I found this fluffy English Muffin recipe by Baked By An Introvert, HERE, and can’t wait to share it with you today. May the bread aisle not cause you pain ever again.
- 2 cups (480 ml) whole milk
- 3 tablespoons honey
- 2 1/4 teaspoons active dry yeast, (1 packet) SEE NOTE 1
- 1 large egg
- 4 tablespoons unsalted butter, melted
- 5 cups (650 g) bread flour
- 1 and 1/2 teaspoon salt
- cornmeal for dusting
- In a small saucepan, heat the milk and honey over low heat until it reaches 105-115ºF. Remove from heat, stir in the yeast, and set aside for 5 mins. Whisk in the egg and melted butter.
- Add the flour and salt to the bowl of a stand mixer. Fit the mixer with the dough hook attachment. with the mixer on low speed, gradually pour the milk mixture into the flour.
- Continue to beat on low until the flour is incorporated, stop and scrape down the sides and bottom as needed. Turn the speed up to medium and mix for about 4 minutes, until the dough is smooth and sticky.
- Scrape the dough out into a lightly oiled bowl. Brush a little oil over the top of the dough. Cover and set in a warm place to rise for 1 hour or until doubled in size.
- Turn the dough out onto a lightly floured surface, using as little flour as possible, gently knead the dough together. (The dough is very sticky. Add just enough flour to make it easy to handle.)
- Divide the dough in half. Divide each half into 8 equal sized pieces. You should have 16 dough balls. (If you want smaller muffins, divide each half into 11 pieces to equal 22 dough balls.) Roll each piece into a ball and flatten the ball into a disk.
- Place the disks on a baking sheet lined with parchment paper that has been dusted with cornmeal. Sprinkle more cornmeal over the tops. Cover with a lint-free towel and set in a draft-free place for 1 hour, or until doubled in size.
- Preheat the oven to 325ºF.
- Heat a griddle over medium-low heat. Gently lift each disk with a plastic spatula and place it on the griddle. (Handle the dough with care so you don’t deflate it) Cook them for about 2 minutes on each side, until lightly browned on both sides. Work in batches.
- Place the muffins back on the cookie sheet and bake them for 10-15 minutes. The internal temperature should be about 200°F on an instant-read thermometer.
- Transfer the muffins to a cooling rack and let them cool completely.
- Split the English muffins with a fork and toast them a toaster until the edges are lightly browned.

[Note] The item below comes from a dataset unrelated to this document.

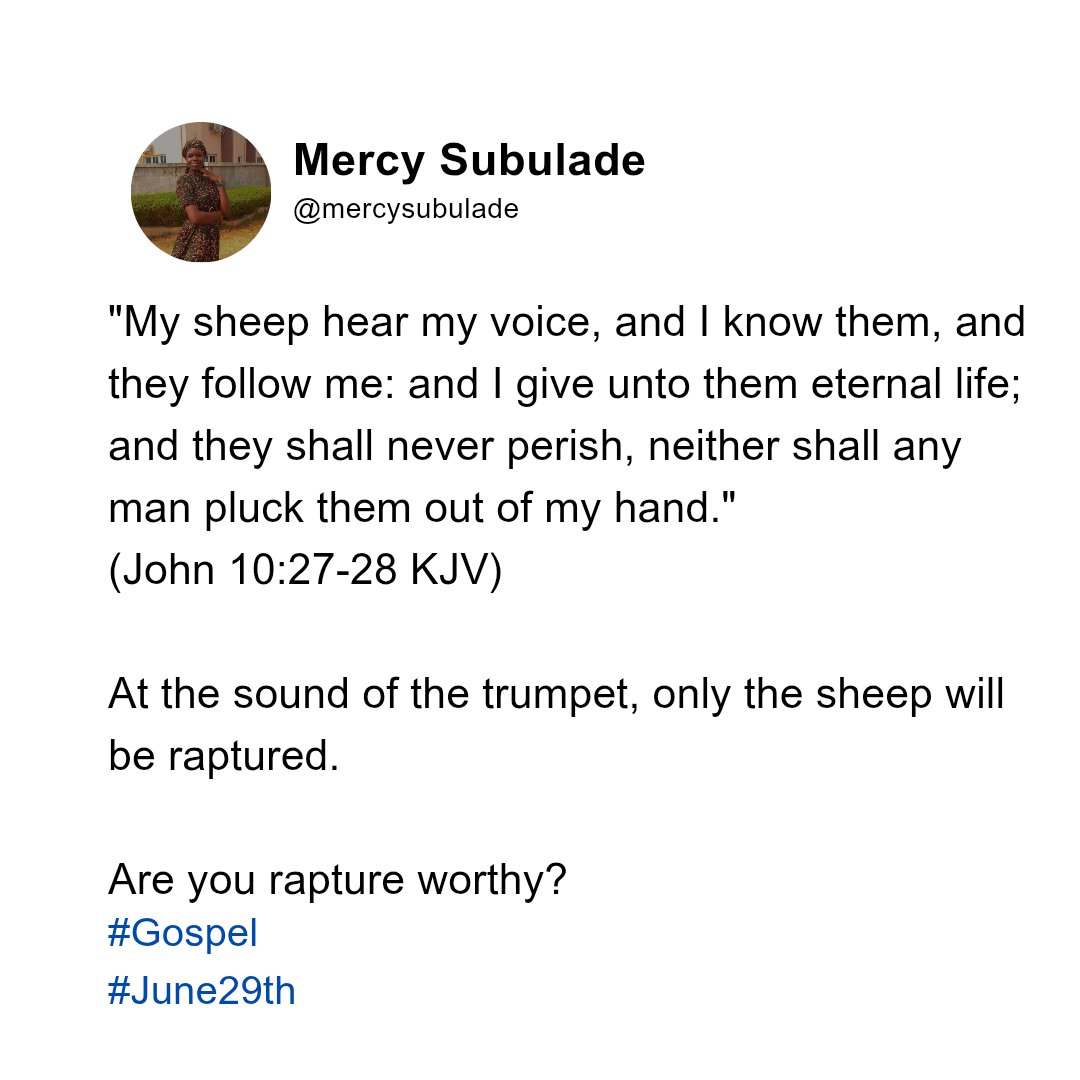 MercySubulade's tweet photo. Are you rapture worthy?

#Gospel
#Jesussaves https://t.co/nbQO3ks3yC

Serve warm with your favorite jam or butter.
Make ahead tip
- Muffins are good for up 5 days stored in an airtight container at room temperature or in the refrigerator.
- Muffins can also be wrapped in plastic wrap, sealed in a zip-top bag, and frozen for up to 3 months. Thaw overnight in the refrigerator and toast before serving.
- This recipe doesn’t call for proofing the yeast in water before you use it. Because of this, it’s important to use brand new yeast that’s well within its expiration date. If you are worried about whether your yeast is good, you can add it to 1/4 cup of warm water (105-115°F) with 1 teaspoon of sugar and let it sit for 5 minutes. If it foams, it’s good to use. Omit 1/4 cup of milk (so you’d only use 1 and 3/4 cups) and add the yeast mixture to the warmed milk mixture as you would in step 1.
To get muffins that are uniform in size, I suggest weighing the dough. For 16 muffins, each portion of dough should weigh 78 grams. For 22 muffins, each portion of dough should weigh 57 grams.